Friday, July 15, 2016

Making Tech Work in the Classroom

Technology in the classroom can be a distraction or it can be used to enhance students’ classroom experience. Stephanie Cole, an associate professor of history at the University of Texas, Arlington, has chosen the latter.

“Using technology changes not so much student behavior as my behavior,” Cole said in an article for Campus Technology. “It makes me craft lectures so that I can apply information and create questions and quizzes. You’ll be amazed at how it makes you rethink how to get information across.”

Cole uses an active learning platform that combines lecture-capture with student engagement, learner analytics, and content-management tools. The system allows her to lead discussions and field questions in real time, and also makes it possible for students to use their mobile devices to ask questions.

The mobile nature of the platform gives student the option to skip her class and watch lecture videos later, so Cole uses it to take attendance and rewards students for their engagement in the classroom. However, the 24/7 access to the course materials and lectures has led to higher grades.

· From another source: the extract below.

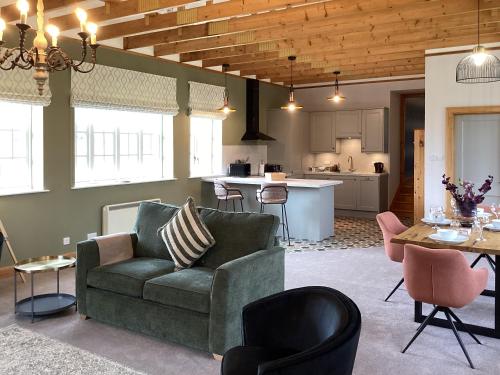 a living room with a couch and a kitchen at The Studio Cottage in Knock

“Great access to lecture material—that is, being able to hear a lecture that you missed or to listen to all or part of a lecture a second time—offers good students an advantage, especially if English isn’t your first language,” she said. “For those students, or where this course is their first exposure to U.S. and American history, keeping up with the class is easier because they can review the lectures at any time. I see more A’s and B’s from these hard-working students.”